Before: ALARCON, FERNANDEZ, and RYMER, Circuit Judges.


MEMORANDUM** 

Antonio Vela appeals the revocation of his supervised release and his eight year sentence. Vela argues that the government did not establish by a preponderance of the evidence that he violated the conditions of his release and that the revocation hearing violated due process. Vela also argues that the district court imposed an illegal, unreasonable eight year sentence without considering the suggested range in the Sentencing Guidelines. We have jurisdiction under 28 U.S.C. § 1291. We affirm the revocation and vacate the sentence.

Vela first contends that the district court abused its discretion by revoking his supervised release. We disagree. The district court's conclusion that Vela violated the terms of his release by violating state law and associating with individuals involved in criminal activity was supported by a preponderance of the evidence. See United States v. Soto-Olivas, 44 F.3d 788, 792 (9th Cir.), cert. denied, 115 S. Ct. 2289 (1995). The certified copy of the state court's judgment established that Vela had been convicted of three felonies. Although Vela was appealing the conviction, he testified that he drove two individuals to a parking lot, waited in the car while they broke into a car, and knew that they were going to do so.

In addition, Vela contends that he was denied the right to effective cross-examination because the Probation Officer did not have personal knowledge that Vela committed the offenses for which he was convicted. We reject this argument because other evidence -- the judgment and Vela's own admissions -- established the same fact. See United States v. Martin, 984 F.2d 308, 310 (9th Cir. 1993) (due process protects a supervised releasee's fair and meaningful opportunity to impeach the evidence against him in order to assure that the district court's findings are based on verified facts).

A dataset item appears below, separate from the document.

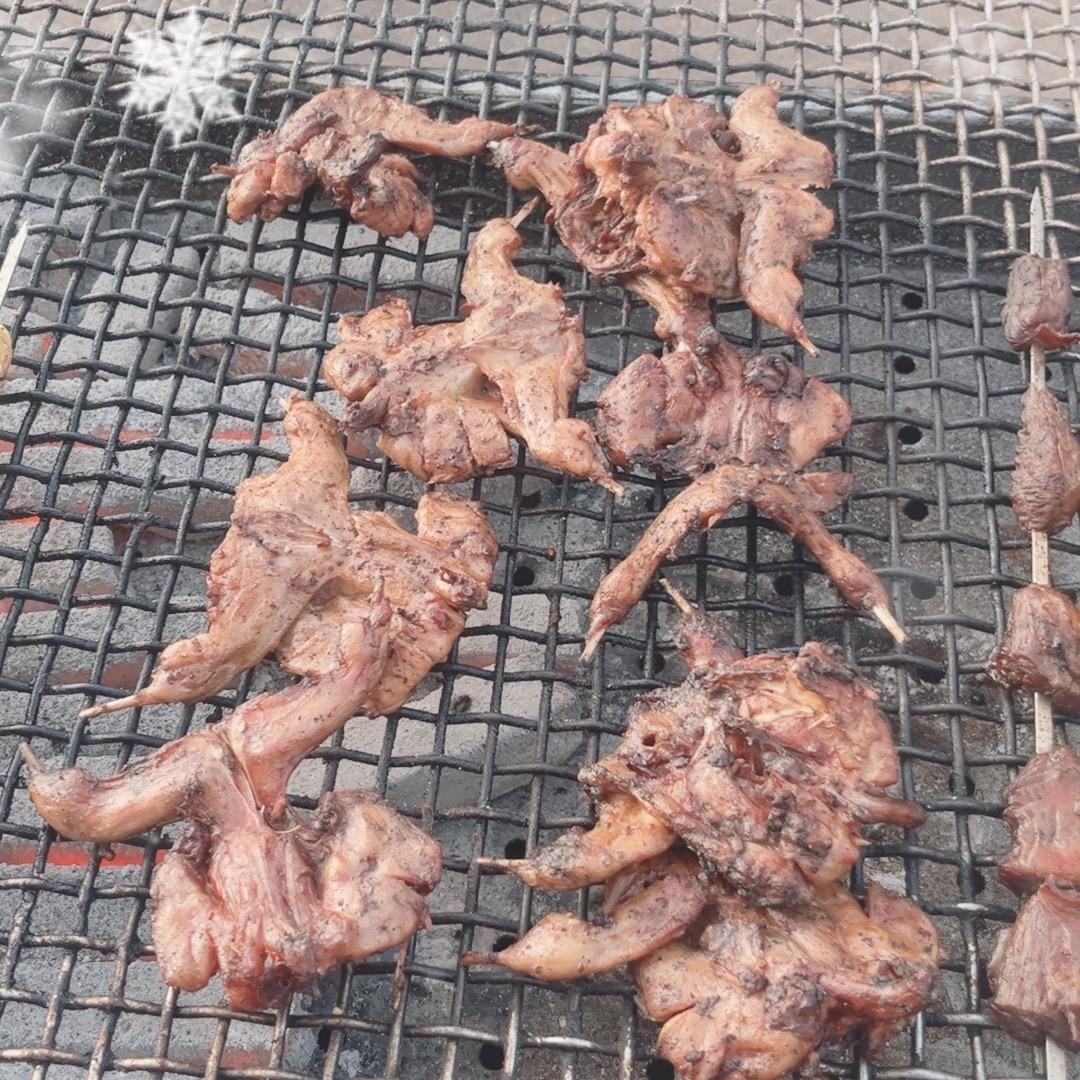 小陈炭烤鹌鹑（廊坊第一人）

Vela argues that the district court imposed an illegal sentence, eight years, because the statute limits the sentence to three. The government concedes the error and we agree. We review de novo the legality of a sentence. United States v. Guzman-Bruno, 27 F.3d 420, 422-23 (9th Cir.) (imposing a sentence in excess of statutory maximum is plain error), cert. denied, 115 S. Ct. 451 (1994).

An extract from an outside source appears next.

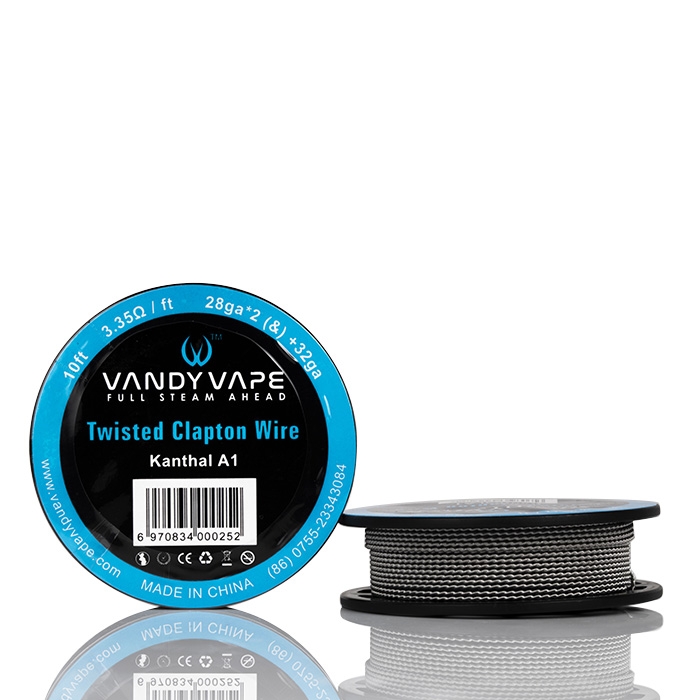Vandy Vape Specialty Wire Spools | Vape Accessories $9.99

Vela's underlying offense, possession with intent to distribute less than 500 grams of cocaine in violation of 21 U.S.C. § 841(b) (1) (C), is a Class B felony. 18 U.S.C. § 3559(a) (1) (B). The statute prohibits a district court from imposing a sentence of more than three years upon revocation of supervised release from a Class B felony. 18 U.S.C. § 3583(e) (4); see also United States v. Paskow, 11 F.3d 873, 876 (9th Cir. 1993) ("the only restriction on the court's discretion was a requirement that no sentence could exceed ... three years (if the underlying offense was a Class B felony)."). Therefore, the district court exceeded its legal authority by imposing an eight year sentence.1 

AFFIRMED IN PART; SENTENCE VACATED AND REMANDED FOR RESENTENCING.

 *

The panel unanimously finds this case suitable for decision without oral argument. Fed. R. App. P. 34(a); 9th Cir. R. 34-4

 **

This disposition is not appropriate for publication and may not be cited to or by the courts of this circuit except as provided by 9th Cir. R. 36-3

 1

Vela alleges in passing that the original term of supervised release, ten years, exceeded the statutory maximum in effect at the relevant time, five years. 18 U.S.C. § 3583(b) (1). Because Vela did not brief the issue, we do not address it. We note, however, Vela violated the conditions of his supervised release within two years of commencing his term; thus, the district court had jurisdiction to revoke Vela's supervised release. Cf. United States v. Levitt, 799 F.2d 505, 506-07 (9th Cir. 1986) (a district court has no jurisdiction to revoke a probationary sentence once it has expired)

Because we vacate the sentence, we do not reach Vela's argument that the district court failed to consider the policy statements in the Sentencing Guidelines, which suggest a four to ten month sentence, or his argument that the sentence was unreasonable.